In 1565, the fort was captured by the Ottomans, who attacked Malta but were eventually defeated. The victorious leader of the Order of St John, Jean de la Vallette, ordered a city to be built around the fort. He was given assistance from the Pope, Pius V, and King Philip II of Spain, in appreciation for the Order’s victory over the Ottomans. It became the capital of Malta in 1571.
The city was ruled by the Order of St John until 1798. This is when the
city was occupied by French troops during the Napoleonic Wars. By 1800, the
city had fallen under British control.
For the next 139 years the city would act as the headquarters of the British navy’s Mediterranean fleet.
The city was badly damaged by bombing during the Second World War as Italian and German forces unsuccessfully tried to force the British out of Malta. Valletta became the capital of the independent state of Malta in 1964.
The entire city of Valletta was declared a UNESCO World Heritage Site in 1980. The city is now one of the most popular tourist destinations in the region. It was selected as the European Capital of Culture for 2018.

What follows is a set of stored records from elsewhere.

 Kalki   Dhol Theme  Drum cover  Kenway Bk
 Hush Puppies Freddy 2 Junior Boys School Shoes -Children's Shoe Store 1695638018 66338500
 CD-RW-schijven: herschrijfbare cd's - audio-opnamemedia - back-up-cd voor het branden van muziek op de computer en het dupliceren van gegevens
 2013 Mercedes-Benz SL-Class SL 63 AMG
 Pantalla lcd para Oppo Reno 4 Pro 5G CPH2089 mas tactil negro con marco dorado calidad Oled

This beautiful cathedral is one of the most beautiful sites in Valletta. It was built between 1572 and 1577 by the Order of Saint John to act as the spiritual heart of the new city. The exterior of the building was designed by the Maltese architect Girolamo Cassar.
However the building is most famous for its sumptuous interior. Redecorated in the in the 17th century by Mattia Preti, it is considered to be one of the finest examples of the high Baroque style still existing. The church is designated as a Co-Cathedral as it shares its status as the main base of the Catholic Church in Malta with the older St Paul’s Cathedral in Mdina.

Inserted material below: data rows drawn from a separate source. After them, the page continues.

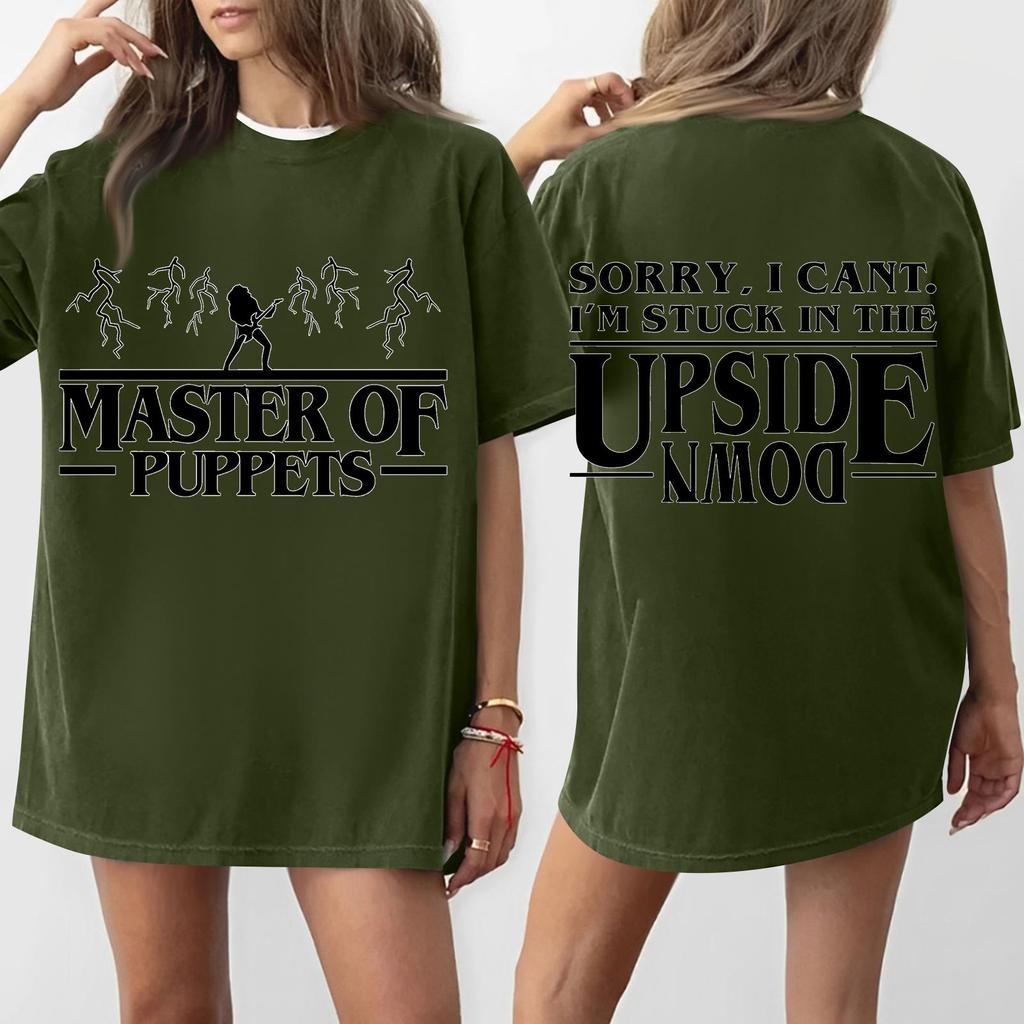 Women's Round Neck Printed Short-sleeved T-shirt Top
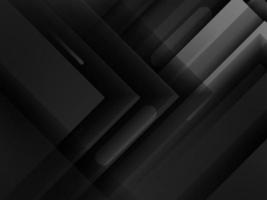 Dark geometric black abstract background elegent design pattern vector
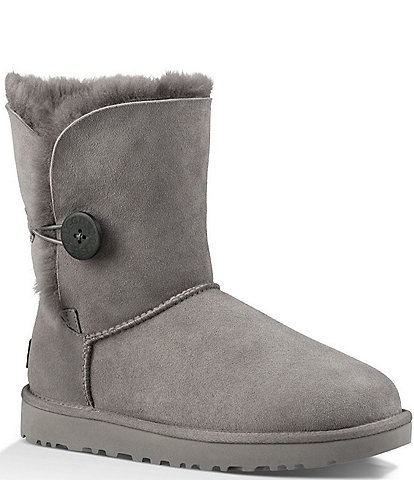 UGG Bailey Button II Suede Water-Repellent Boots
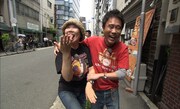 藤山直美（左）とダウンタウン浜田（右）。(c)MBS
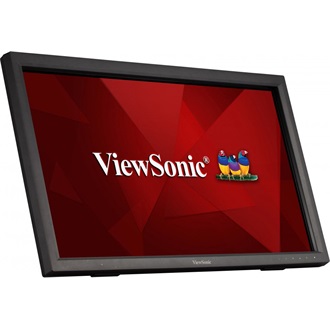 ViewSonic TD2423 Portable 23.6" touchscreen VA LED hordozható monitor fekete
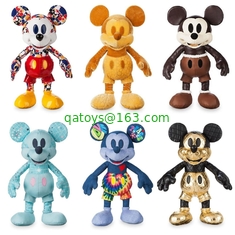 Disney 90th Anniversary Mickey in different months with different colors 40cm
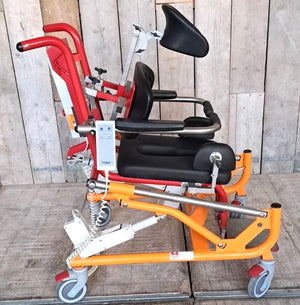 Sprchovací a toaletní křeslo Vitaflex Toba Junior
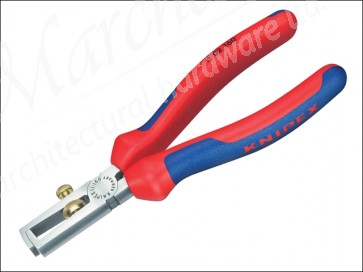 End Wire Stripping Pliers 160mm Multi Component Grips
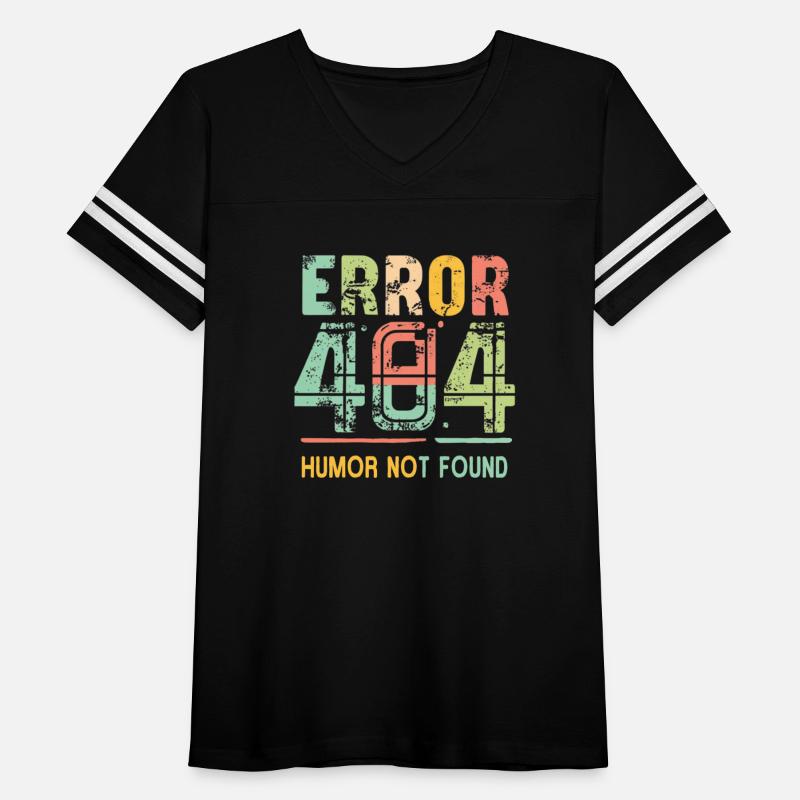 Error 404 Humor Not Found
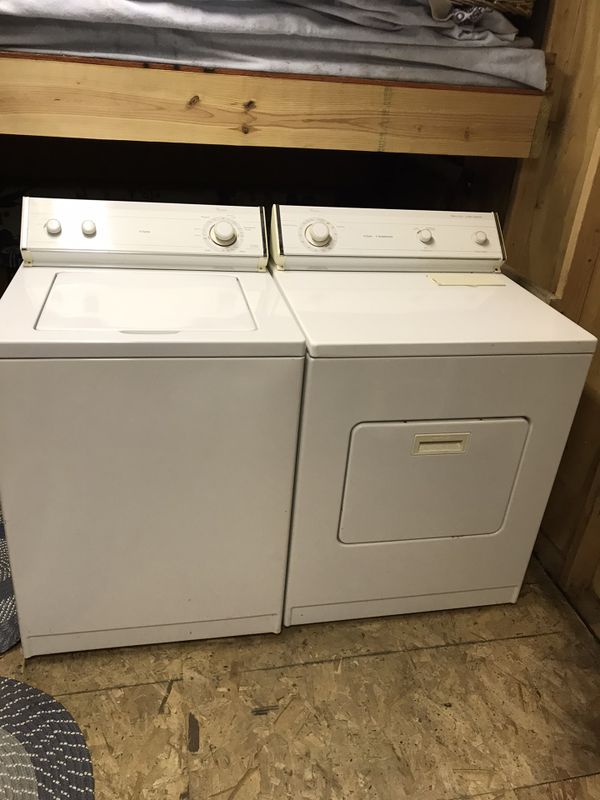 Whirlpool washer&dryer for Sale in Cincinnati, OH OfferUp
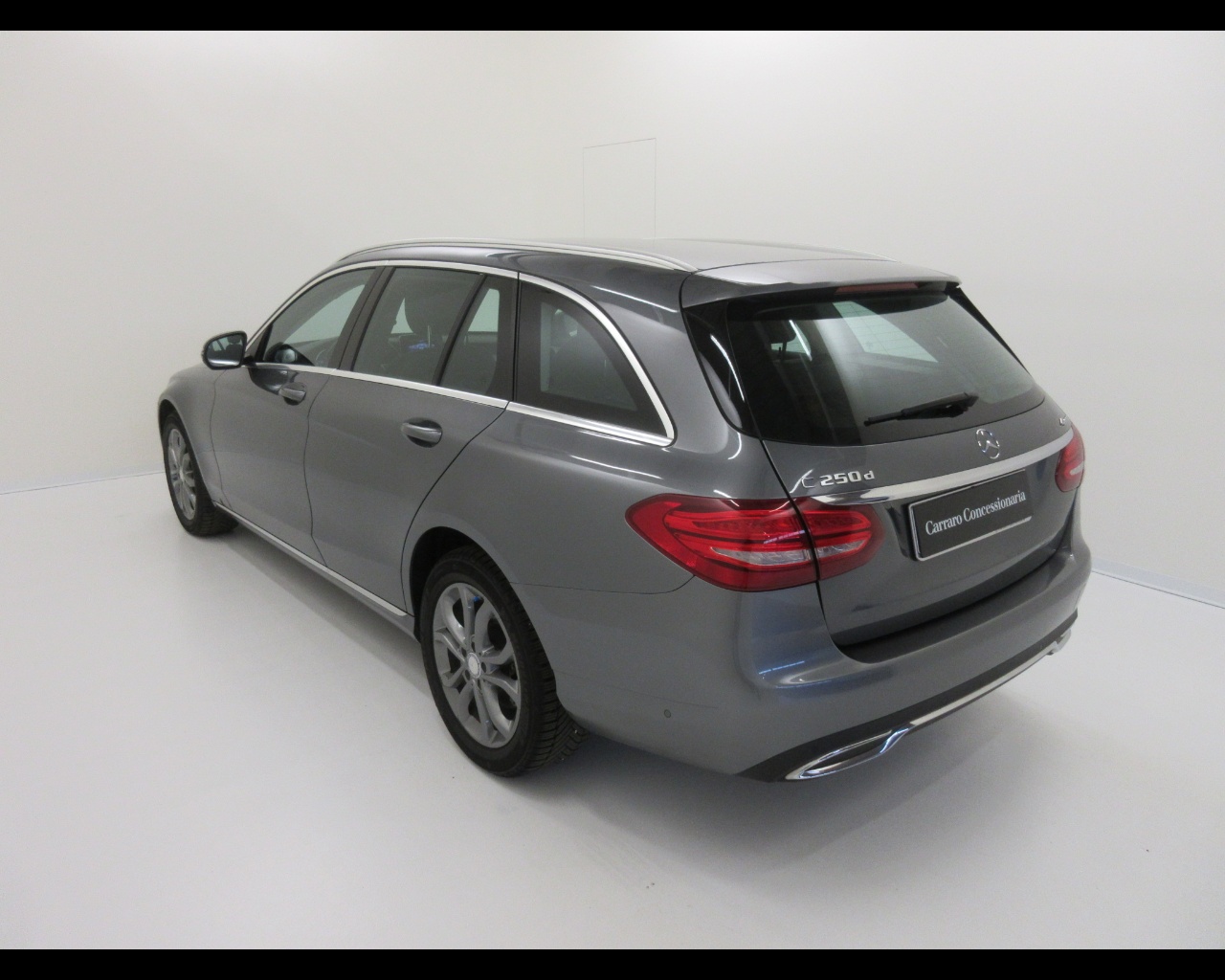 Mercedes Classe C Station Wagon Classe C Station Wagon 250 D Sport 4Matic 9G-Tronic Plus - 8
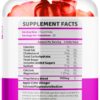 Nutrizen Keto ACV Gummies paquete de gomas suplementarias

This lovely public space is located on the upper tier of the St Peter and Paul Bastion. This area was built in the 1560s to act as one of the city’s main defenses against sea attacks. It was converted into a garden area in 1661 by the Italian knight Fra Flaminio Balbiani. The park was opened to the public at the end of the French occupation of Malta in 1800.
It contains several monuments and memorials to important figures in Maltese and world history such as Sir Winston Churchill, the Prime Minister of Great Britain during the Second World War. It also offers fantastic views over Valletta Harbor.
The Manoel Theatre is thought to be the third-oldest working theatre in Europe. It was built in 1731 under the orders of the then Grand Master of the Order of St John, Fra Antonio Manoel de Vilhena. The Theatre was named in his honor.
It is the home of the national theatre company as well as the Malta Philharmonic Orchestra. The venue is fairly small and can only seat 623 guests. However it is famous for its beautiful interior with its three tiers of box seats and it pale blue ceiling decorated with gold leaf.
This impressive palace was the home of the Grand Master of the Order of St John, who ruled Malta between the 16th and 18th centuries. The building is well known for its beautiful baroque interiors, particularly its wall paintings or frescoes painted by Nicolau Nasoni in the early 18th century.
The palace served as the official residence of the Governor of Malta during the period of British rule between 1800 and 1964. It was the location of the Parliament of Malta between 1921 and 2015, and now acts as the office of the President of Malta. Large parts of the palace are open to the public as a museum.
Maltese cuisine draws from its diverse history, influenced by a range of other Mediterranean cuisines. One traditional Maltese dish is bigilla. This paste is made from mashed fava beans mixed with olive oil, garlic, herbs, and lemon juice. It is usually eaten as a spread or dip with bread as part of a snack or appetizer with olives.